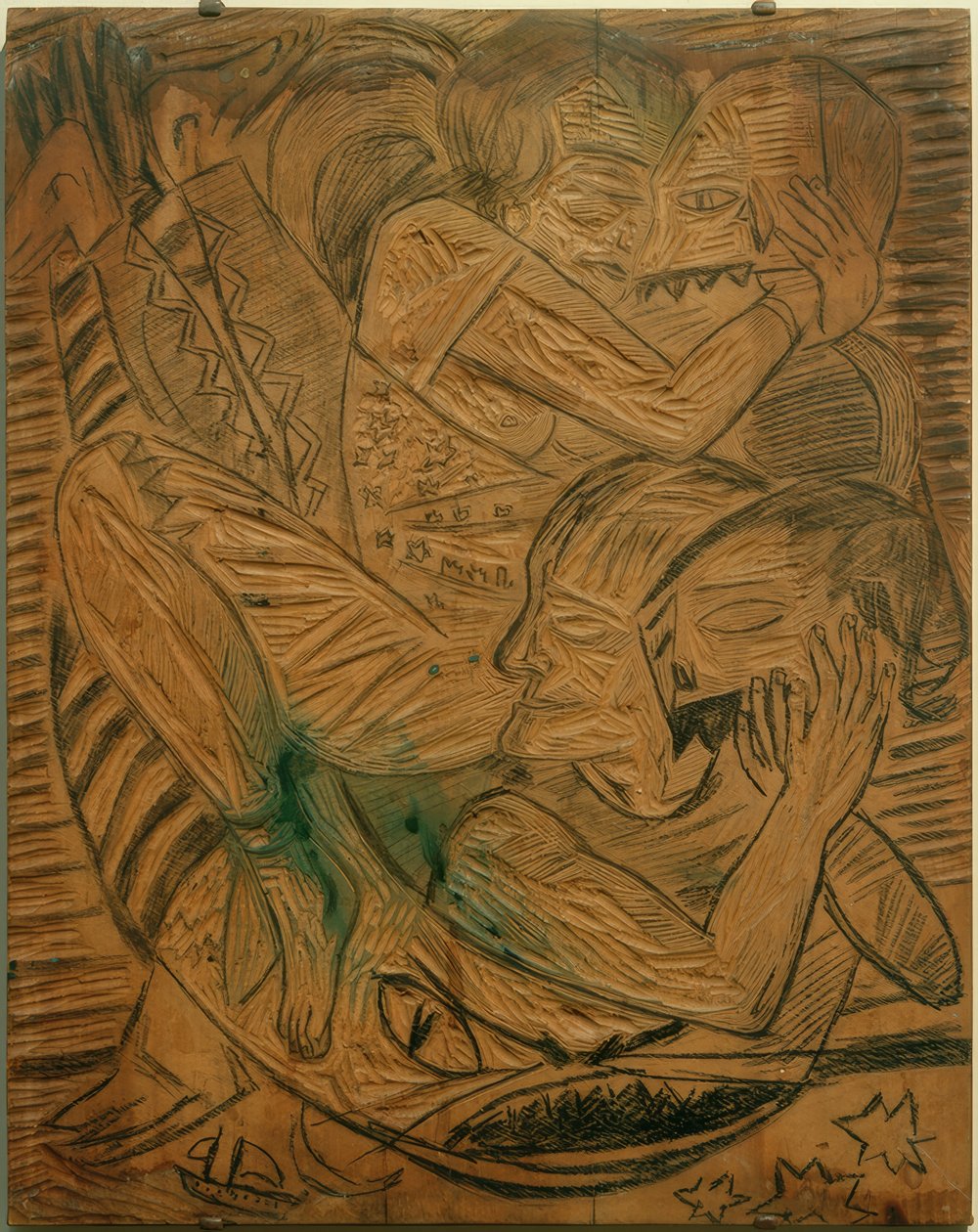 Zelfportret met Naïla als circusartiesten door Max Beckmann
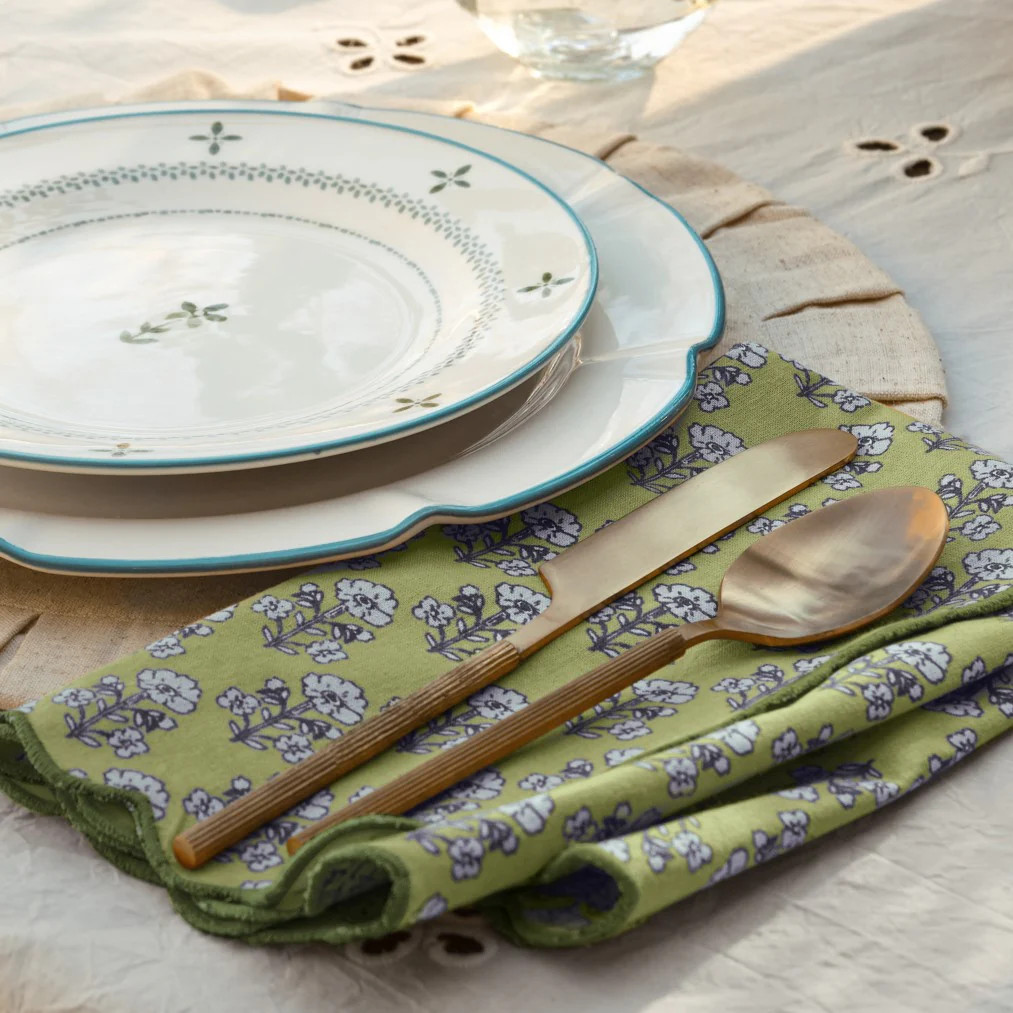 Antique Jade Scallop Edge Block Print Napkin Set of Four | Magnolia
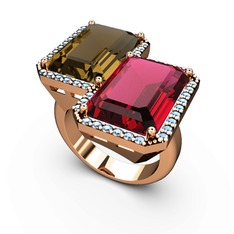 Dumanlı kuvars, rodolit garnet ve akuamarin 14 ayar rose altın yüzük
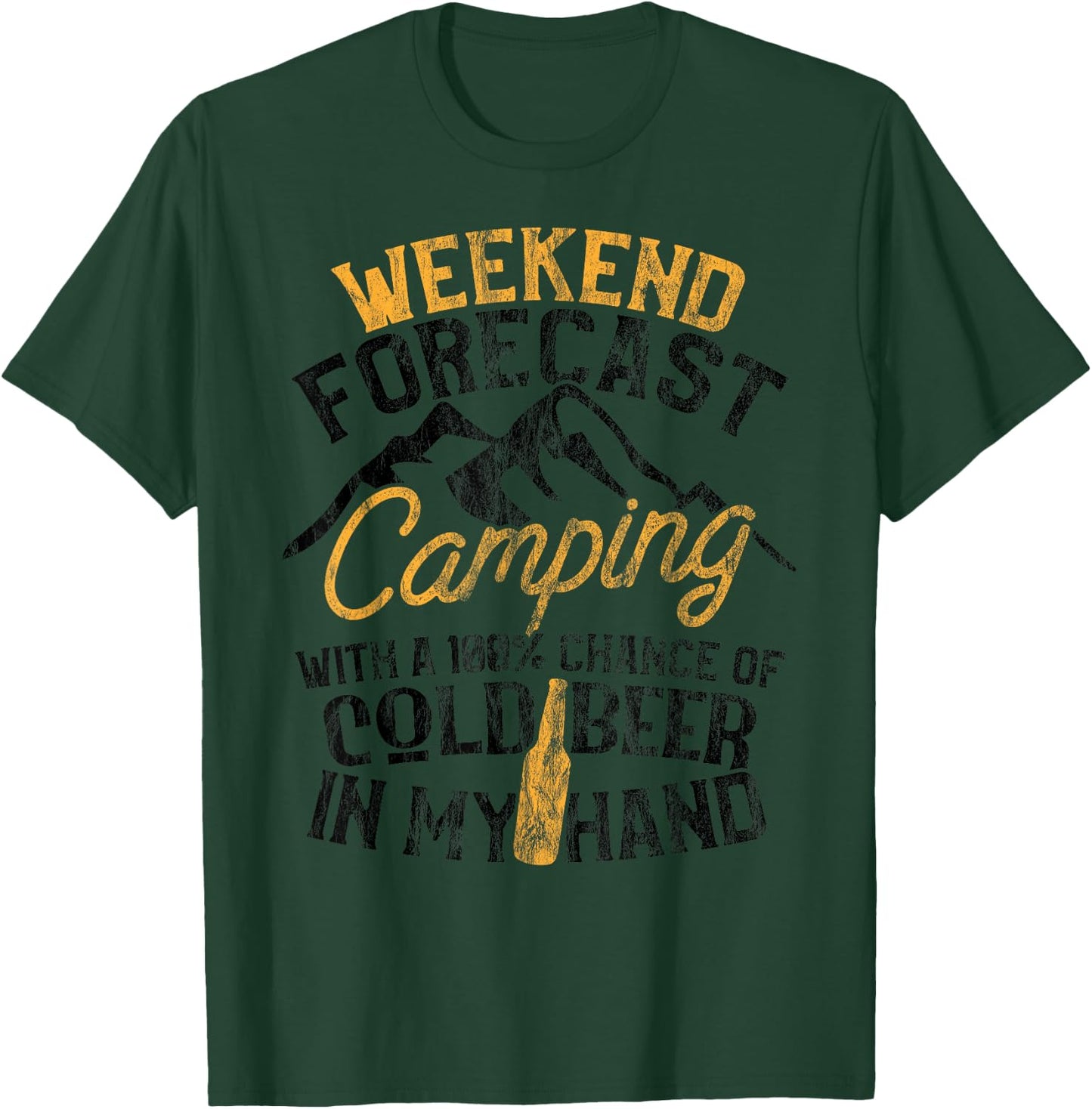 Funny Camping Weekend Forecast 100% Chance Beer T-Shirt - T-Shirt | Forest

PROMPT:
Leave out the pictures. Transcribe the rest of the listing above exactly.

EXPECTED ANSWER:
 Zelfportret met Naïla als circusartiesten door Max Beckmann
 Antique Jade Scallop Edge Block Print Napkin Set of Four | Magnolia
 Dumanlı kuvars, rodolit garnet ve akuamarin 14 ayar rose altın yüzük
 Funny Camping Weekend Forecast 100% Chance Beer T-Shirt - T-Shirt | Forest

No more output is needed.